[Extracted records]
========

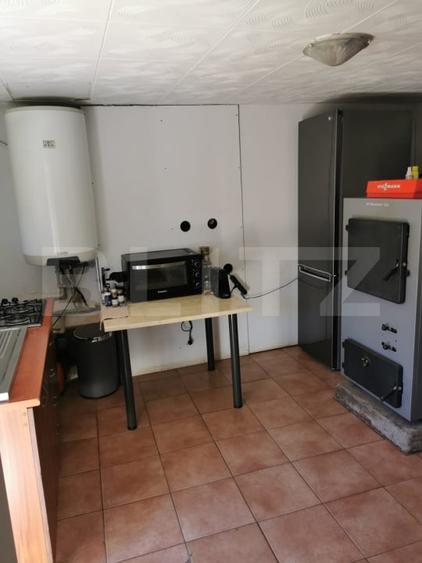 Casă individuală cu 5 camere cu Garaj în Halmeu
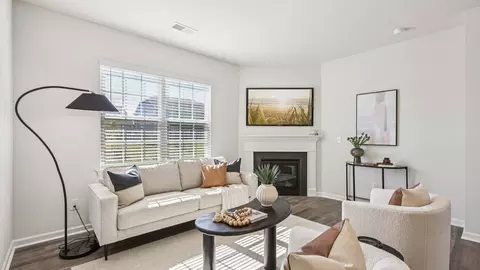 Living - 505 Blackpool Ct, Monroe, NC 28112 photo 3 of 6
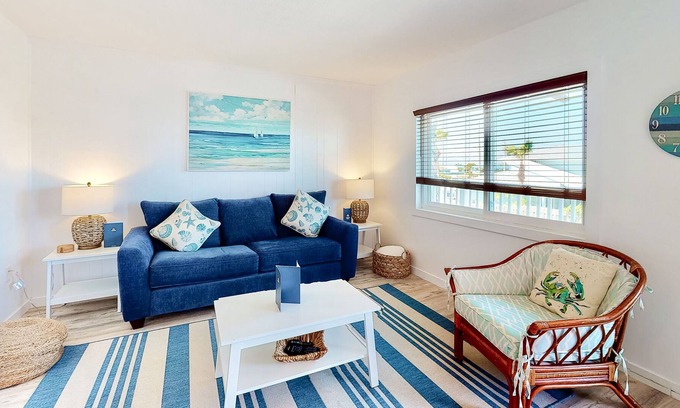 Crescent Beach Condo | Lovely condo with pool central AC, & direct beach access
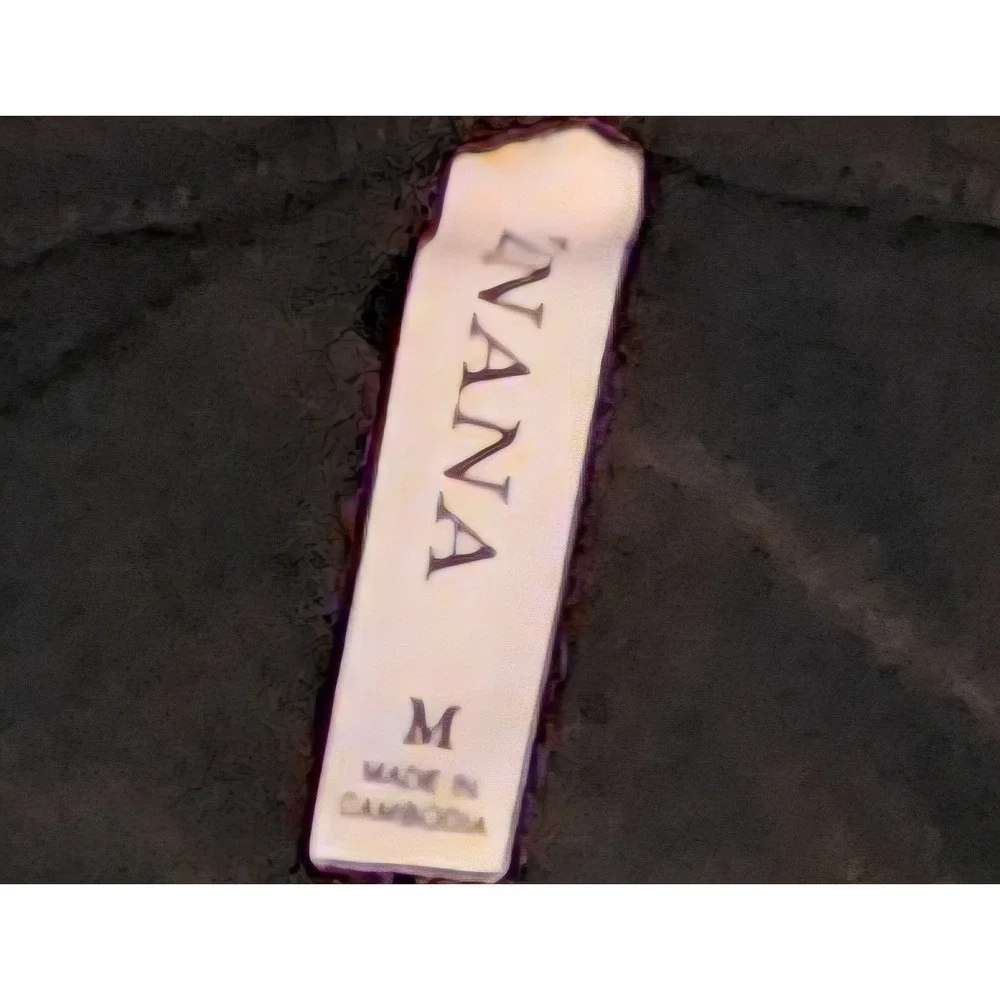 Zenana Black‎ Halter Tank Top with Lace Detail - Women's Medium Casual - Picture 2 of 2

========

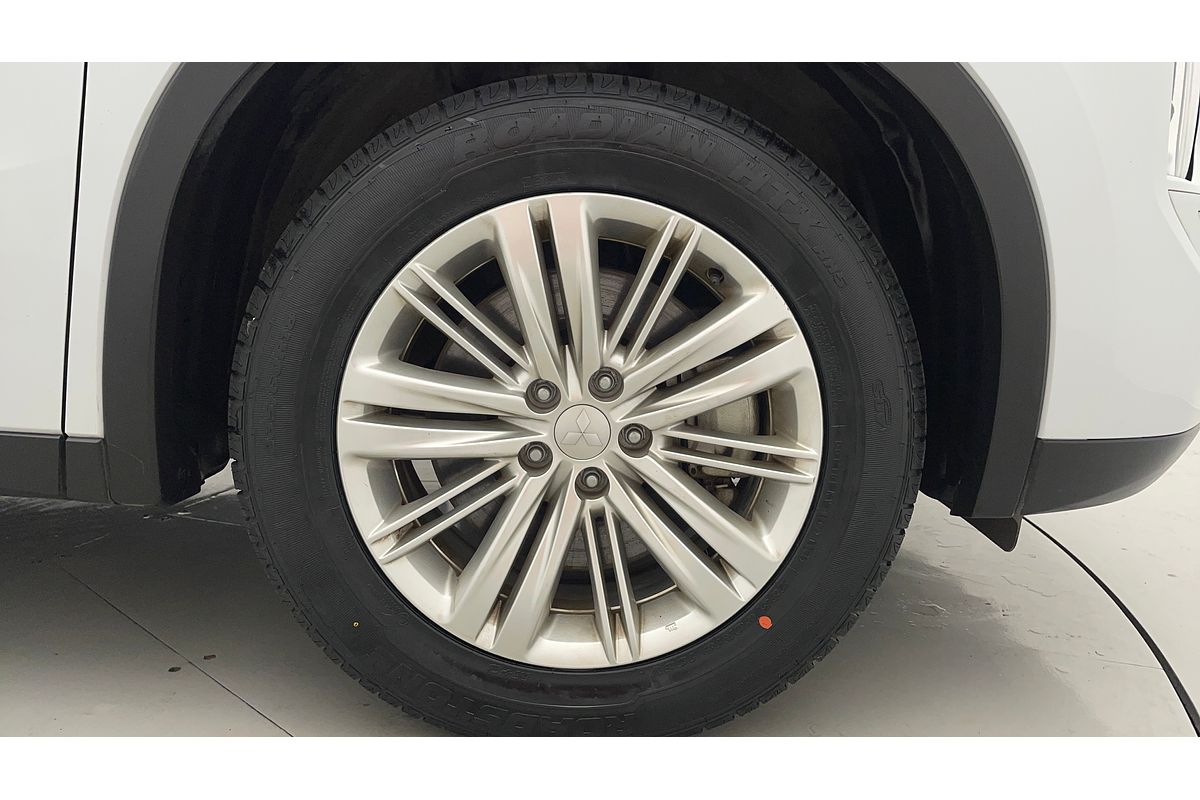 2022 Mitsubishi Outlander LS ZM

========

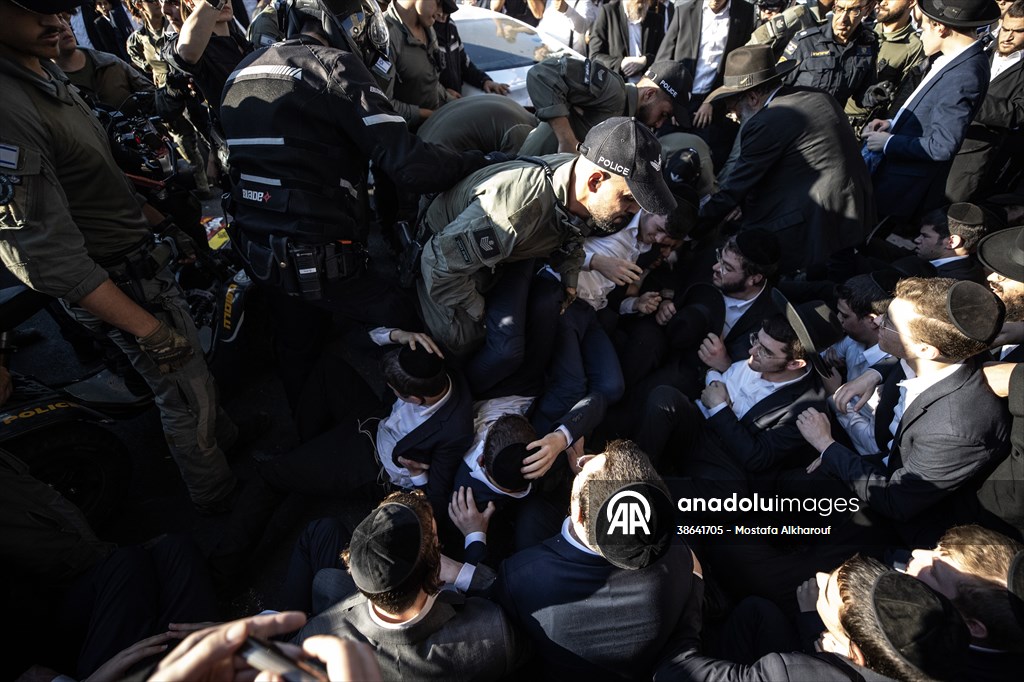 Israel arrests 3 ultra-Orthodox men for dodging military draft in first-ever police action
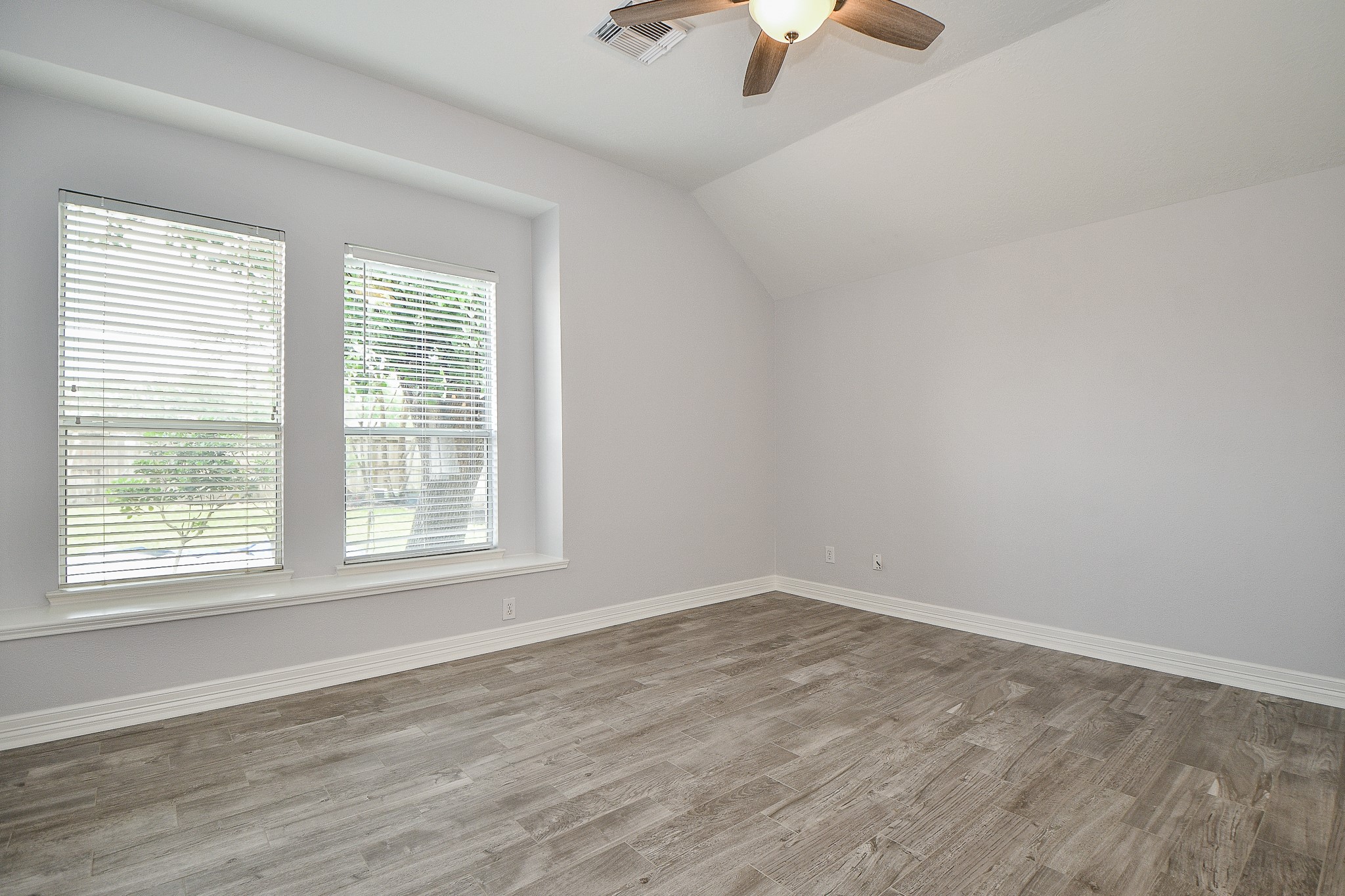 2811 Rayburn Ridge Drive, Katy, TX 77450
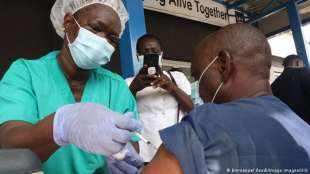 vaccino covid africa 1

========

I would like the exact lines from the data above, starting with the one that holds "Casă individuală cu" and going on through the one that holds "Zenana Black‎ Halter", without the pictures.

[Expected answer]
 Casă individuală cu 5 camere cu Garaj în Halmeu
 Living - 505 Blackpool Ct, Monroe, NC 28112 photo 3 of 6
 Crescent Beach Condo | Lovely condo with pool central AC, & direct beach access
 Zenana Black‎ Halter Tank Top with Lace Detail - Women's Medium Casual - Picture 2 of 2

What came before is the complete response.